48. Kemarahan

202 29 4
                                    

HAPPY READING!

Baru saja Danar memasuki rumahnya, Ia terkejut melihat sang Ayah berdiri diruang tengah menatapnya tajam. Baru kali ini Ayahnya berada dirumah jam segini.

"Mana motornya?" tanya Broto menatap nyalang putranya.

"Emm dibengkel Yah"

"Gak usah bohong kamu!" tegas Broto.

"Sudah dua tiga hari lebih Ayah liat motor itu tidak parkir didepan rumah. Kemana kamu bawa motor itu?"

"Maaf Yah, motor itu udah Danar jual" ucap Danar pelan menundukkan kepalanya.

"APA? DIJUAL? SEENAKNYA KAMU JUAL MOTOR AYAH SATU-SATUNYA ITU. MOTOR ITU MASIH MILIK AYAH, BUKAN MILIK KAMU"

"Tapi Danar butuh uang, Yah. Danar udah dipecat dari kerjaan Danar itu. Sedangkan Ayah sendiri tidak peduli dengan Danar dan Arin. Kerjaan Ayah cuma judi, mabuk dan jarang pulang. Bahkan dengan teganya Ayah gadein rumah ini"

Plak!

Satu tamparan keras dari telapak tangan besar milik Ayahnya. Rasa kebas dipipinya itu menjalar ke otaknya membuatnya tersulut emosi menatap Ayahnya.

"Ayah mau pukul Danar lagi kan? Ayo Yah, pukul Danar sekarang sampai Ayah puas. Bila perlu sampai Danar nyusul Ibu. Danar capek hidup didunia penuh penderitaan ini. Danar pengen cepat ketemu sama Ibu. Danar mau ngaduin semua perlakuan Ayah selama ini. Menelantarkan anak-anaknya, yang perlu kasih sayang dari orang tua tunggalnya ini"

"Anda itu tidak pantas disebut Ayah. Ayah macam apa anda dengan teganya menyuruh anaknya kerja banting tulang untuk memenuhi kehidupan ini dan juga memenuhi keinginan nafsu judi dan mabuk Ayahnya" ucap Danar dengan napas memburu.

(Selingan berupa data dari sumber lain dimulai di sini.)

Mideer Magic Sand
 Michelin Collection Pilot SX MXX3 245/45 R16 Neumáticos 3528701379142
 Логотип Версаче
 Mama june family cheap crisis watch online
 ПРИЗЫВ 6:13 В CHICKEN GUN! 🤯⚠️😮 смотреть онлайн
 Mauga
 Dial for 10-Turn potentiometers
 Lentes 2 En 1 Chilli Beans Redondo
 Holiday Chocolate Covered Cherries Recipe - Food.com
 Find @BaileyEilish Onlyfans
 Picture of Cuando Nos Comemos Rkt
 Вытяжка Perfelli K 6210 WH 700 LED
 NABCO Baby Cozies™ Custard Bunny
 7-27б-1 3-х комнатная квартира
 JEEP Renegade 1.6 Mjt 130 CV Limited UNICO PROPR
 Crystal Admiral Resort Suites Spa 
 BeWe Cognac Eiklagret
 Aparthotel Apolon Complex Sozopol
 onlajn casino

"Danar capek hidup seperti ini. Tiap hari sekolah, pulangnya kerja sampai malem. Sedangkan anak lainnya yang seuumuran Danar punya kehidupan yang jauh lebih baik dari Danar. Mereka bisa bebas menikmati asiknya nongkrong sehabis pulang sekolah, mendapatkan kasih sayang orangtua. Rapornya yang selalu diambil sama orangtuanya. Anak-anak lainnya sibuk menata masa depannya, ikut les sana sini. Berlomba-lomba ingin kuliah dikampus ternama. Sedangkan Danar.... Hanya kerja kerja dan kerja dan juga memikirkan uang untuk makan besok. Danar iri Yah sama mereka"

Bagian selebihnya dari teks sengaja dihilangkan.